*DATA:*
━━━━━━━━
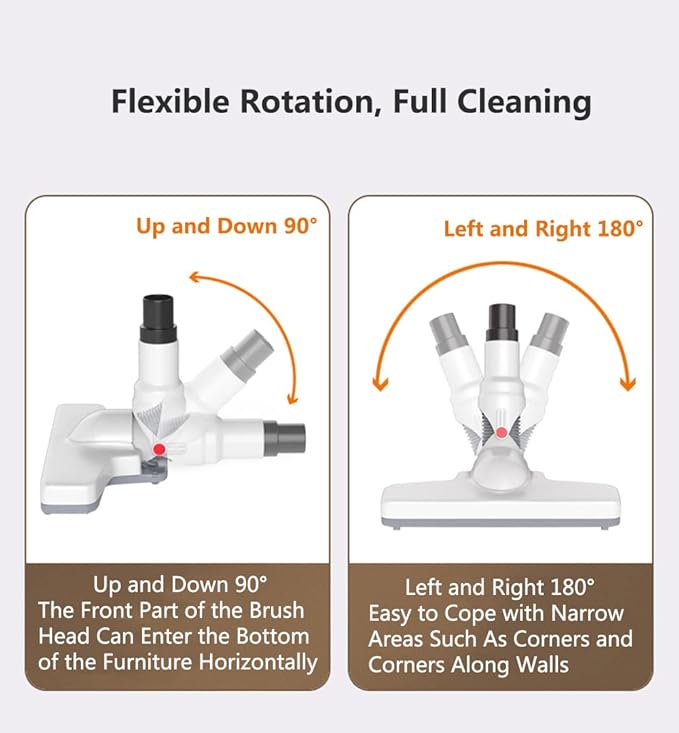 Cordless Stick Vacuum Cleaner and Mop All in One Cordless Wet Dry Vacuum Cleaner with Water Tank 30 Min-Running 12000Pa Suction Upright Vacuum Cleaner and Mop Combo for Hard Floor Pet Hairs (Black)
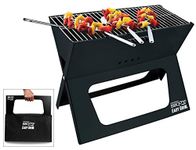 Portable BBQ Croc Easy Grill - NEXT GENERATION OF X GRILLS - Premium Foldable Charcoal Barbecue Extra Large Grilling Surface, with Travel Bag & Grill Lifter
━━━━━━━━
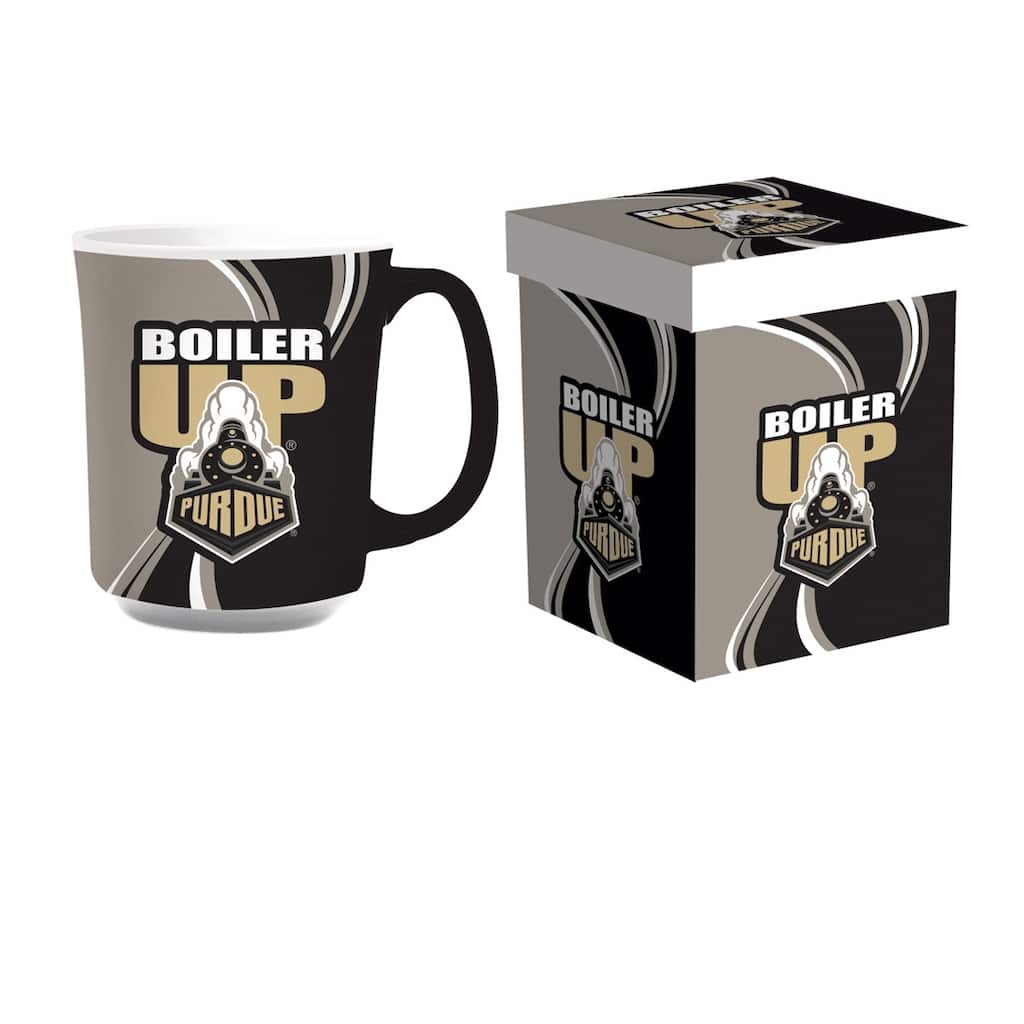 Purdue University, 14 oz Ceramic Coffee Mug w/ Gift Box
━━━━━━━━
*PROMPT:*
With pictures omitted, repeat the entries above word for word from the line holding "Cordless Stick Vacuum" down to the line holding "Portable BBQ Croc", keeping both of those lines.

*SOLUTION TO THIS PROBLEM:*
 Cordless Stick Vacuum Cleaner and Mop All in One Cordless Wet Dry Vacuum Cleaner with Water Tank 30 Min-Running 12000Pa Suction Upright Vacuum Cleaner and Mop Combo for Hard Floor Pet Hairs (Black)
 Portable BBQ Croc Easy Grill - NEXT GENERATION OF X GRILLS - Premium Foldable Charcoal Barbecue Extra Large Grilling Surface, with Travel Bag & Grill Lifter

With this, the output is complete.